June 9, 2026

How to build a 12-month influencer marketing strategy from scratch

Written by
Bulba Team
Abstract illustration of creator strategy planning in Bulba violet
Table of contents:
Introduction to Influencer Marketing

Most brands approach influencer marketing the same way they approach a one-night stand: find someone attractive, spend money, hope for the best, never follow up. Twelve months later, they've got a folder of expired deliverables and no idea whether any of it moved the needle.

A proper influencer marketing strategy doesn't work like that. It's a system — with a defined creator tier, a content calendar, a measurement framework, and a feedback loop that improves every quarter. Here's how to build one in a day and run it for a year.

What is influencer marketing strategy?

An influencer marketing strategy is a written plan that defines which creators you partner with, what content they produce, how that content is amplified, and how you measure return. Without one, every campaign starts from zero. With one, each campaign builds on the last.

How do I implement influencer marketing strategy?

Start with three decisions before you touch a single creator profile:

  1. Define your campaign objective — Are you building awareness, driving traffic, or generating UGC for paid ads? Each requires a different creator tier and content brief.
  2. Set your creator tier — Nano (1K–10K), micro (10K–100K), or macro (100K+). For most DTC brands starting out, nano and micro creators deliver better cost-per-engagement and more authentic content.
  3. Allocate budget by quarter, not by campaign — Reserve Q1 and Q2 for testing (which creators, which formats), then double down in Q3 and Q4 on what worked.

Once those are locked, you can move into creator sourcing.

What's the best approach to influencer marketing strategy?

The most effective approach separates creator acquisition from content production. These are two distinct workflows, and conflating them is where most strategies break down.

Creator acquisition is ongoing — you should always have a pool of pre-vetted creators you can activate quickly. Bulba's inbound creator engine does this by letting creators apply to your brand directly, which means you're working with people who already know your product rather than cold-pitching strangers.

Content production runs in sprints. A typical sprint: brief → first draft → revision → final delivery → publish → amplification. Each sprint should take no more than two weeks for simple UGC formats.

The brands that see compounding results from influencer marketing treat creators like a content production studio, not a one-off media buy.

What are the steps for influencer marketing strategy?

Here's the month-by-month structure for a 12-month plan:

Q1 (Months 1–3): Foundation
Define your ICP and map which creator audiences overlap. Set up your inbound creator flow. Run 3–5 test campaigns with nano/micro creators across different content formats. Track: engagement rate, UGC quality score, conversion rate.

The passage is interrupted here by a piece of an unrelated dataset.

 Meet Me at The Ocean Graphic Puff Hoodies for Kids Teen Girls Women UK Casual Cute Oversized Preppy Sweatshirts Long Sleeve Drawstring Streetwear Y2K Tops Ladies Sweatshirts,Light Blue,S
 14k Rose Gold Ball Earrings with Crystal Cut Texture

Q2 (Months 4–6): Optimisation
Cut the bottom 40% of creators by performance. Double the brief length for your top performers. Build a recurring visit programme. Begin A/B testing creator content in paid Meta campaigns.

Q3 (Months 7–9): Scale
Move from ad-hoc campaigns to an always-on content calendar. Introduce event-based creator activations. Add a secondary creator tier for reach.

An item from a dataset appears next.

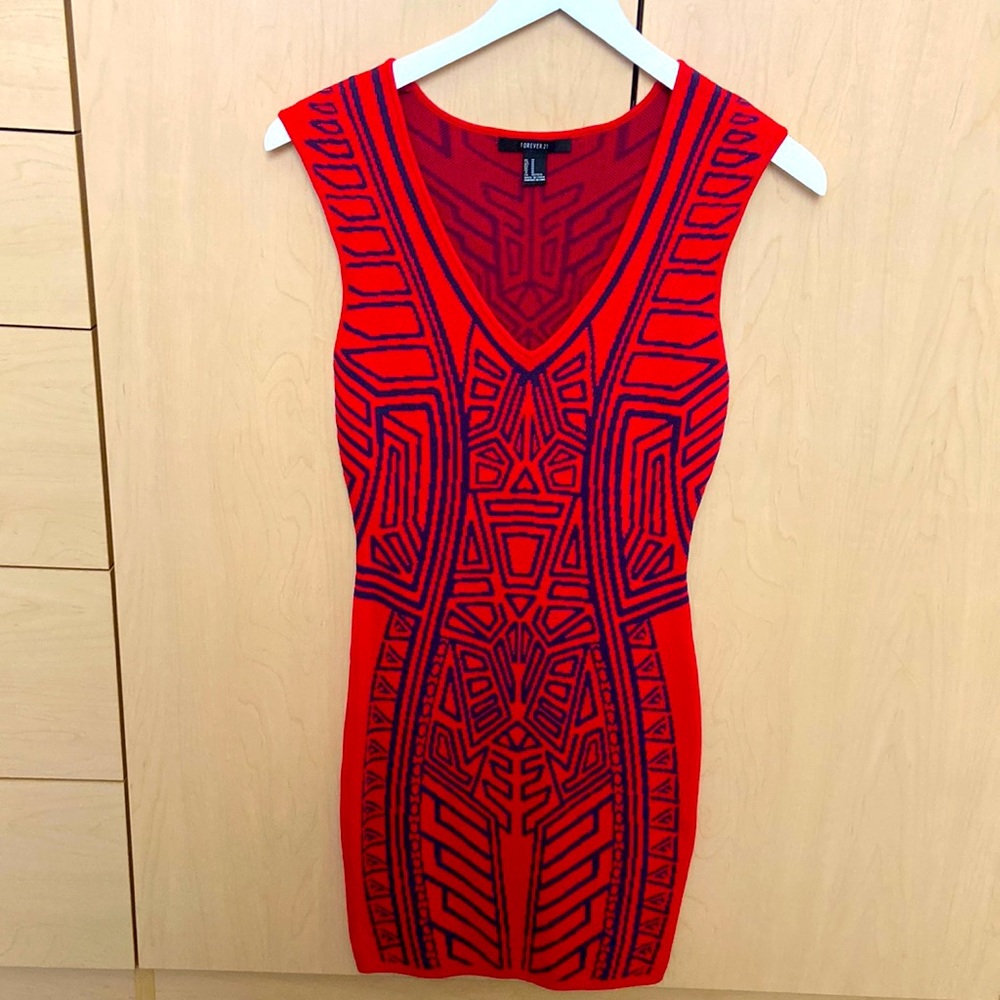 Bright red tribal pattern mini body con dress Forever 21 size medium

Q4 (Months 10–12): Compound
Use your ready-to-post library to run a high-frequency paid campaign for peak season. Review creator retention rate. Set Q1 targets for year two based on actual data.

What tools do I need for influencer marketing strategy?

At minimum, you need four things:

  • A creator CRM (to track outreach, contracts, and briefs — Bulba has this built in)
  • A UGC library (somewhere your creative team can access and repost content)
  • A paid ads integration (so creator content flows directly into Meta without manual uploads)
  • An analytics layer (at minimum: UTM links per creator, Instagram Insights exports, Meta ad reporting)

The brands that struggle with influencer marketing usually have the creative piece sorted but no measurement infrastructure. You can't optimise what you can't read.

How long does influencer marketing strategy take to work?

Thirty days to see your first signals. By the end of month one, you should know which content formats get saved and shared and which creators drove traffic.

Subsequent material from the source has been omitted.